Closed GlenDC closed 2 years ago
Hey there,
From running the server example by using RUST_LOG=debug cargo run --example server -- --listen-addr 127.0.0.1:1337 password -u admin -p password
I do get the right amount of bytes transferred as mentioned from the logs:
[2022-05-07T04:03:39Z INFO fast_socks5::server] transfer closed (79, 552)
An improvement we could bring, would be to have to server::transfer()
function to return the amount of bytes transferred: https://github.com/dizda/fast-socks5/blob/f711ae0f26332975ab06fd89c818f622328038a2/src/server.rs#L643
Yes that would be one step in the right direction. Even though it will need to bubble up.
A related problem though is that tokio::io::copy_bidirectional(&mut inbound, &mut outbound).await
doesn't return those values in case of an error, which on MacOS is possible due to the client closing (see #23).
Going to close this one as the other work already contributed by me in combination with the root cause of #23 are the reasons why we do not always receive it.
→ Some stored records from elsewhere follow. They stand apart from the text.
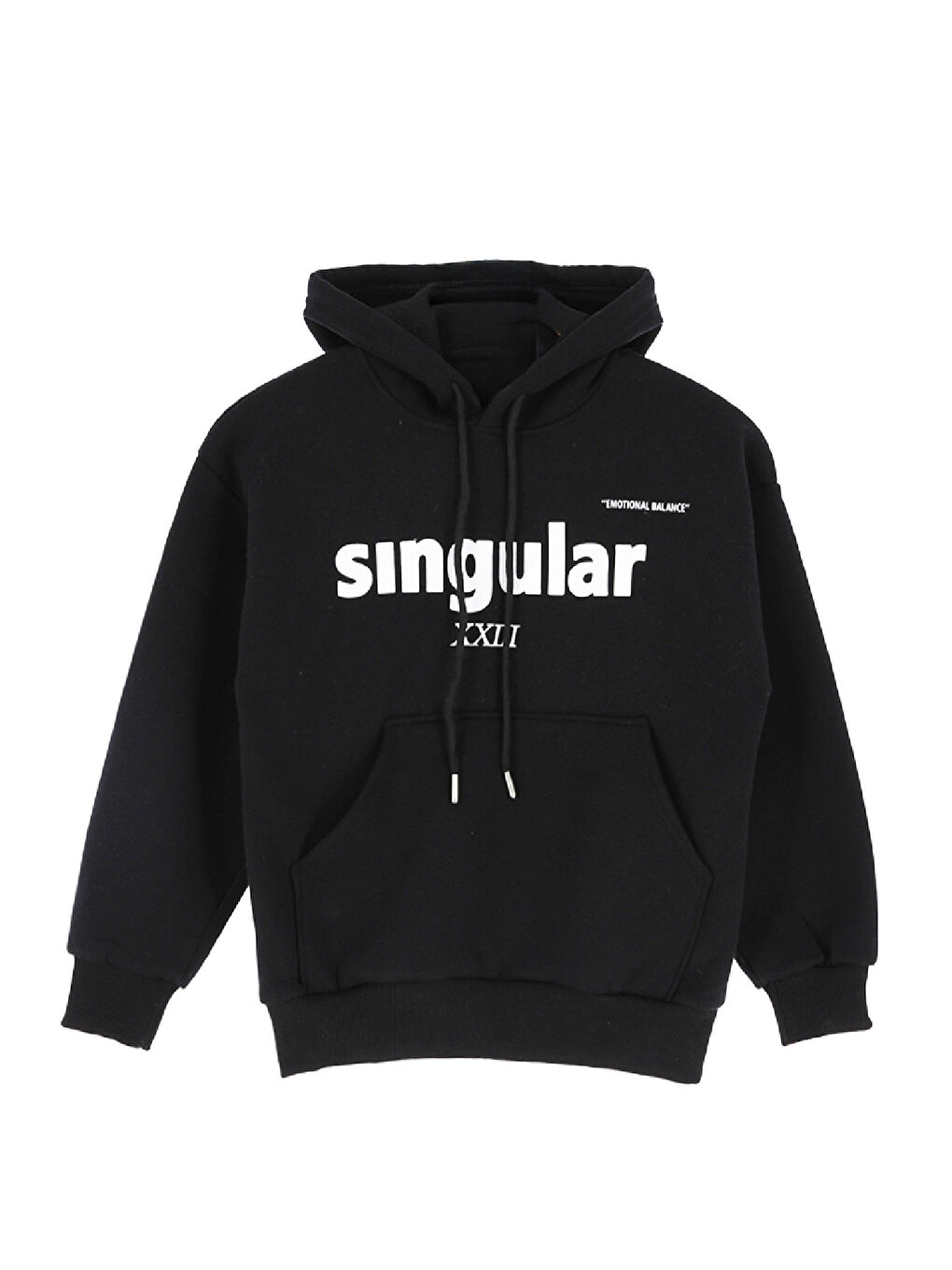 Siyah Erkek Çocuk 3 İplik Şardonlu-Kapüşonlu Sweatshirt 13-16 Yaş 12382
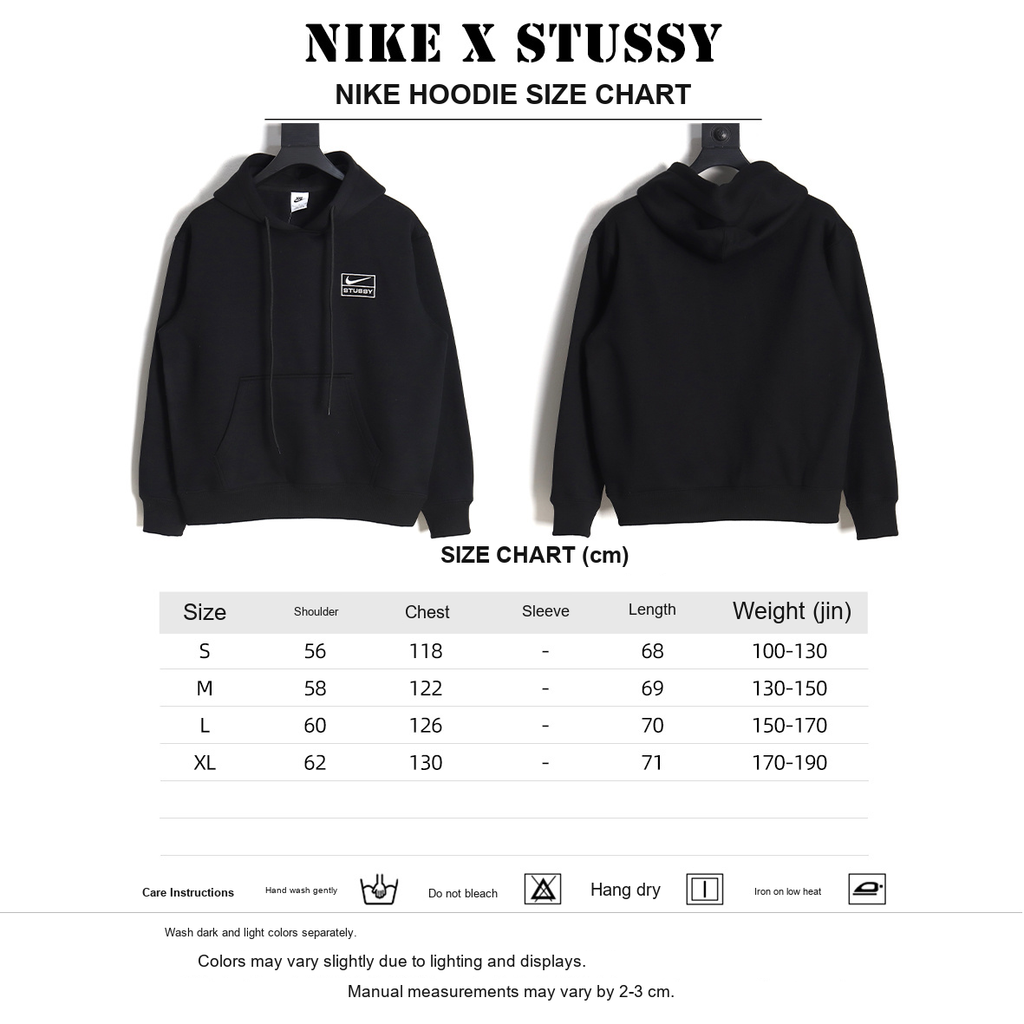Nike x Stussy Embroidered Fleece Hoodie – Black - size chart
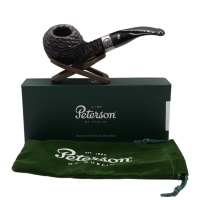 Peterson Sherlock Holmes Squire Rustic Silver Mounted P Lip Pipe (PE2737)
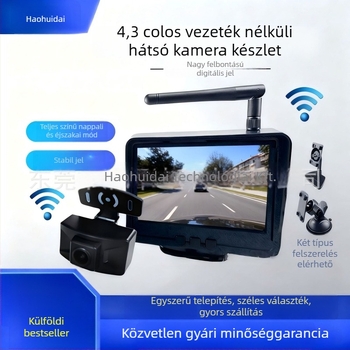 Autó LCD-monitor IPS, 480x272 felbontás, AHD bemenet, PAL/NTSC, modell VK-TB703+605T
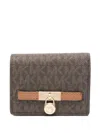 Michael Kors Monogram Lock Wallet In Neutral
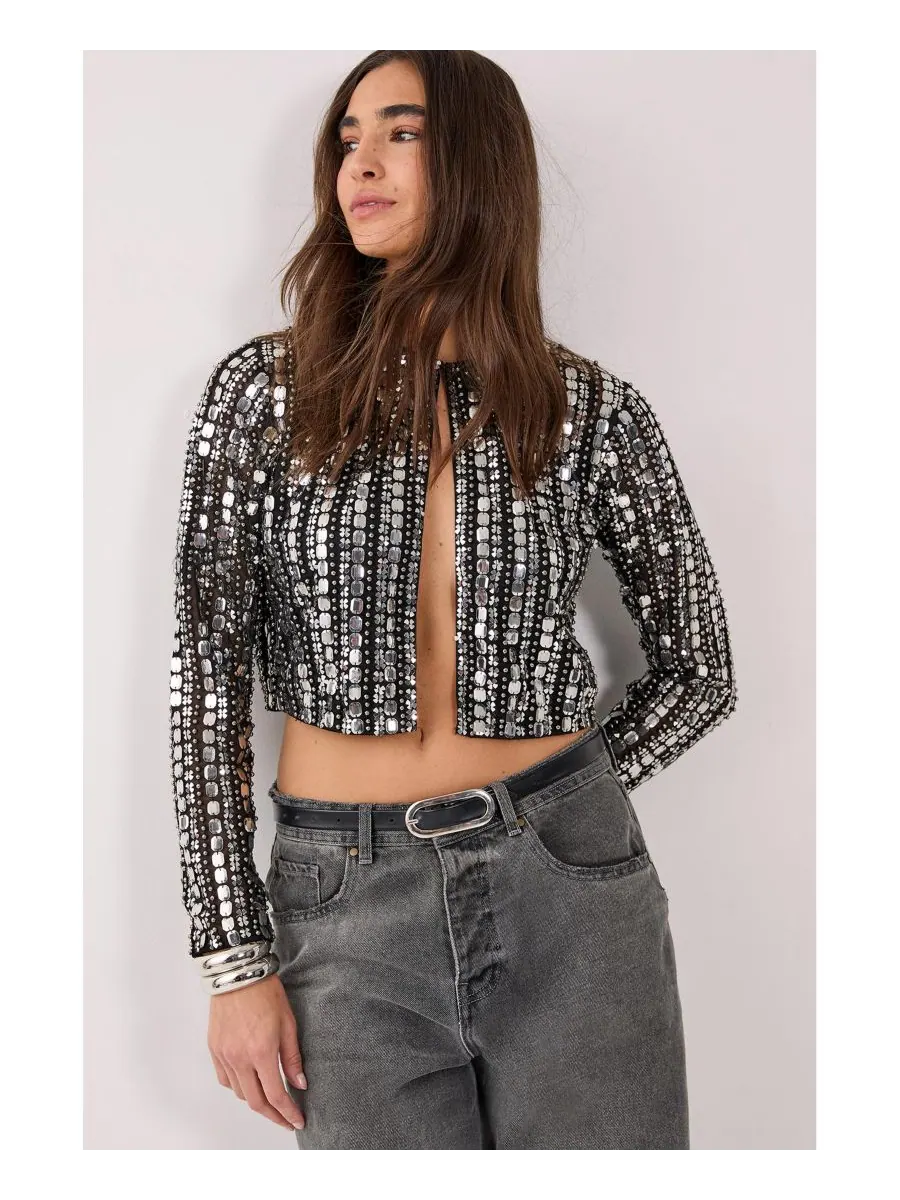 Женская жакет с длинными рукавами, украшенный бисером Nasty Gal — изображение 1 из 8, черный
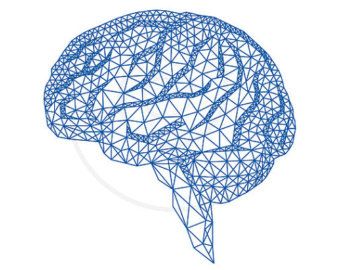 Blue human brain with abstract geometric pattern, digital clipart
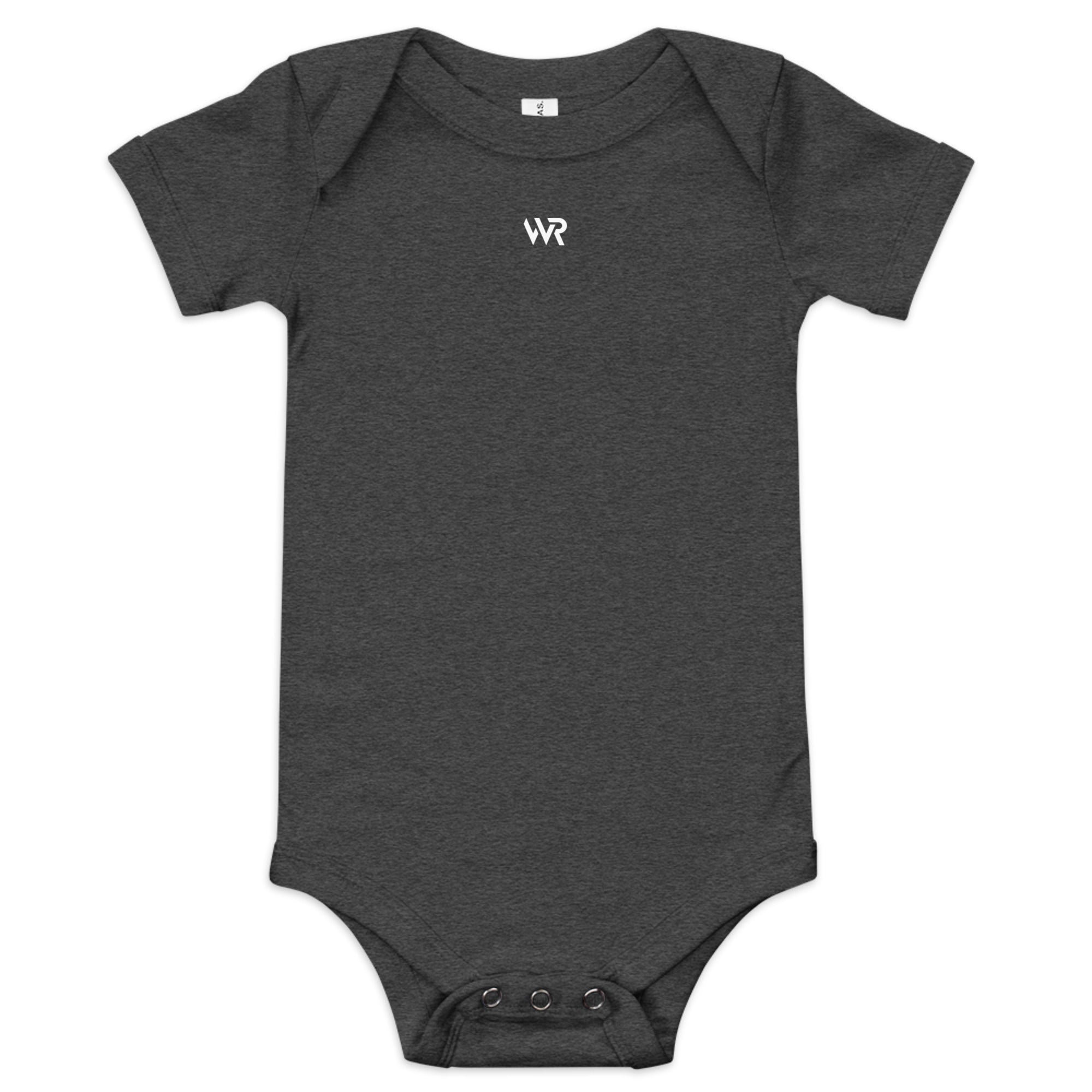 Baby short sleeve bodysuit in gray heather with "WR" mark, front view.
Trying to track it from within this crate wouldn't resolve it or even work due to the issues causing it.
Closing this as such.
In regards to #15. I managed to make that all work. However, and please check the code linked there, I had to make it catch ErroKind (NotConnected/ConnectionReset).
This essentially does mean that we do have access to the bytes send/received (written/read). However even when no error that number does always seem to be (0,0) (used as a router, but even when running a regular server as per your example).
I tried to write copy directional myself (copying the code and catching the error):
However this still has the same issue, that is, the returned data read/written is (0,0).
It is not as simple as that:
From the logs we can see that the size is returned for the initial part of the socks5 stream (header), but once we do the actual transfer we seem to log nothing.
What am I doing wrong here? both in my fork and vanilla code. I really need for my purposes to be able to log the payload size.